# What happened to RPPPPoEK?

## der Mosher

I've recently set up a new PC and noticed that RPPPPoEK is missing from the portage tree. Gladly I had the ebuild on my main PC and was able to find a required patch somewhere in the depth of Google's cache. As the source code is still available for download I wonder why the package has been removed. Does anyone know more?

-- René

----------

## the_mgt

Hi!

I think it is, because with the new baselayouts, adsl is configured by the /etc/conf.d/net script.

This seems to cause some problems if you only have one NIC for ppp and lan....

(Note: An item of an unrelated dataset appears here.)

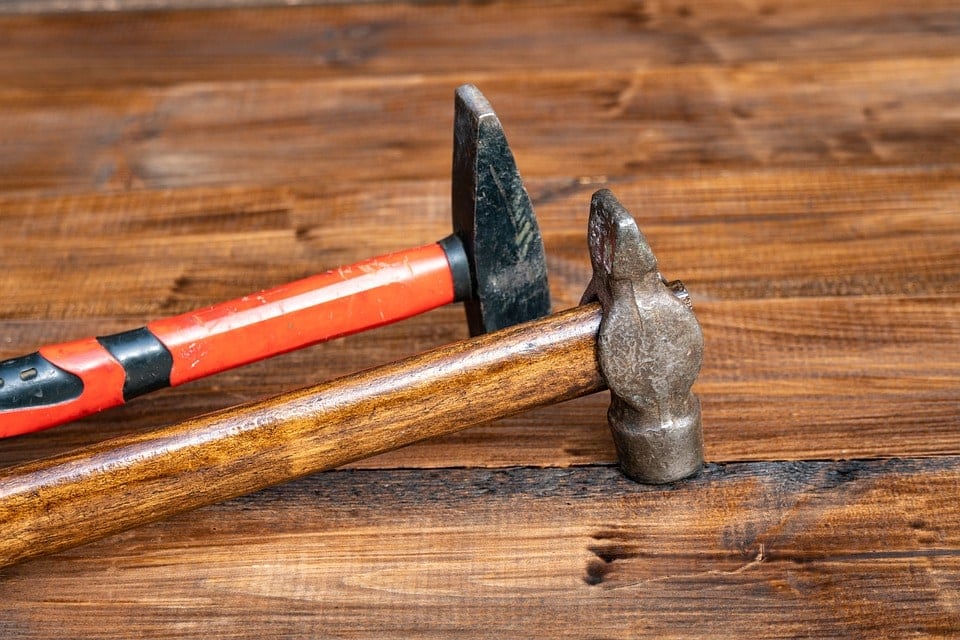 wood handle and steel handle hammers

If you have two network cards in your pc, it should work fine. Just search here in the forum or look at a gentoo howto about the baselayout.

----------

## der Mosher

Hmm, RPPPPoEK is basically a wrapper for the adsl-start and -stop scripts. According to the setup instructions under http://www.gentoo.org/doc/en/handbook/handbook-x86.xml?part=1&chap=3 these are still configured via adsl-setup so there shouldn't be a conflict to baselayout. And if there is, RP-PPPoE is the offending package, not RPPPPoEK.

----------

## cyberpatrol

I guess here's the reason why RPPPPoEK isn't in the portage tree anymore:

https://bugs.gentoo.org/show_bug.cgi?id=66053

Unfortunately it seems to be unmaintained by the author.

----------

## Cintra

Pity no one could take the trouble, its a neat little icon that simplifies adsl start & stop. 

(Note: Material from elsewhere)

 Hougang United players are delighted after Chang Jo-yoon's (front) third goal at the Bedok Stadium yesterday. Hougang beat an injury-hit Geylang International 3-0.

Glad I kept a copy in /usr/local/portage.. it works fine here.

Mvh

----------

## der Mosher

That's really a shame. I tried the alternative knet / kdialup, but couldn't get it to work reasonably. Is there any other program that can do the job, maybe something like SuSE's kinternet that also works with modems and ISDN?

----------

## Cintra

there's a copy of the ebuild at http://m2.uh.cz/pub/mirror/rsync.gentoo.org/gentoo-portage/net-dialup/rppppoek/rppppoek-0.33.ebuild

mvh

----------

## cyberpatrol

Thank you, Cintra, for the URL to the ebuild.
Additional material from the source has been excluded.